Researchers at Cornell University have developed a new robotic platform powered by artificial intelligence called RHyME, which allows robots to be taught tasks by watching just one how-to video.
Some robots are finicky. In the past, robots have required precise, step by step instructions to complete basic tasks. They also tend to give up when things go wrong, such as after losing a screw or dropping a tool. RHyME could, however, speed up the development and deployment robotic systems by reducing the amount of time, energy, and money required to train them. Kushal Kedia is a doctoral candidate in computer science. “That’s not how humans do tasks. We look at other people as inspiration.”
Kedia’s paper “One-Shot Imitation under Mismatched Execution,” will be presented in Atlanta, at the Institute of Electrical and Electronics Engineers International Conference on Robotics and Automation in May.

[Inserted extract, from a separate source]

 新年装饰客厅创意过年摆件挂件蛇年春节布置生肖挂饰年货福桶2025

Home robotic assistants are still far away because they lack the intelligence to navigate the physical universe and its many contingencies. Researchers like Kedia train robots with what are essentially how-to videos – human demonstrations of different tasks in a laboratory setting. This approach, a branch called “imitation learning,” of machine learning, is hoped to help robots learn a series of tasks faster and adapt to real-world situations. Sanjiban Choudhury is an assistant professor of computer sciences and the senior author of
“Our work is like translating French to English — we’re translating any given task from human to robot,” .

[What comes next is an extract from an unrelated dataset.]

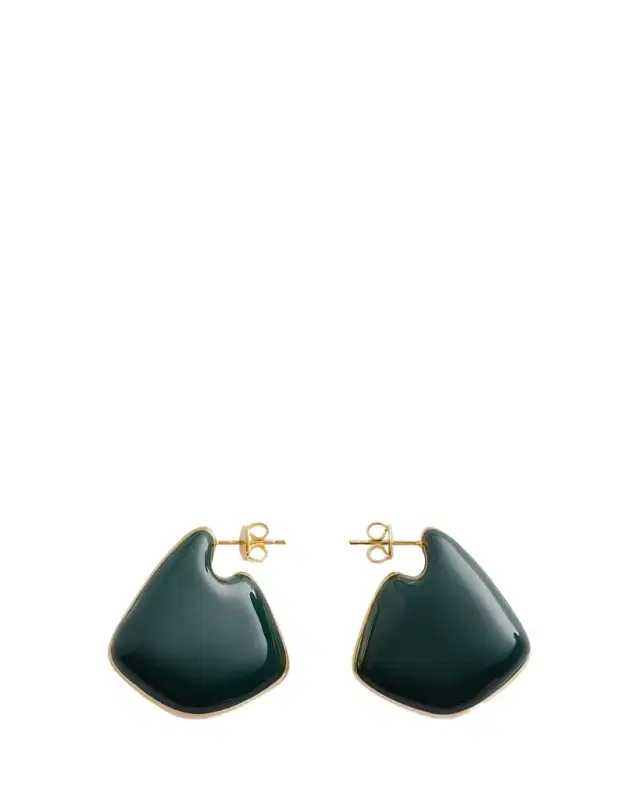 Bottega Veneta Small Fin Enamel Earrings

The translation task is still a challenge. Humans move too fluidly to be tracked and mimicked by a robot, and robots need a lot of video for training. Researchers said that video demonstrations of robots performing tasks such as picking up a napkin, or stacking plates, must be performed slowly, and with perfect precision, because any mismatch between the robot’s actions and the video has historically been fatal for robot learning. Choudhury explained. “Our thinking was, ‘Can we find a principled way to deal with this mismatch between how humans and robots do tasks?'”
RHyME, the team’s solution, is a scalable method that makes robots more adaptable and less finicky. It allows a robot to connect the dots and use its memory when performing tasks that it has only seen once. RHyME-equipped robotic systems, for example, will search their bank of videos to find similar actions – like grasping a cup or lowering an object – when shown a video showing a human fetching and placing a mug in a sink. Researchers said that RHyME allows robots to learn multi-step sequences, while reducing the amount of robot data required for training. RHyME only requires 30 minutes of robot data. In a lab setting robots trained with the system achieved more than 50% greater task success compared to other methods.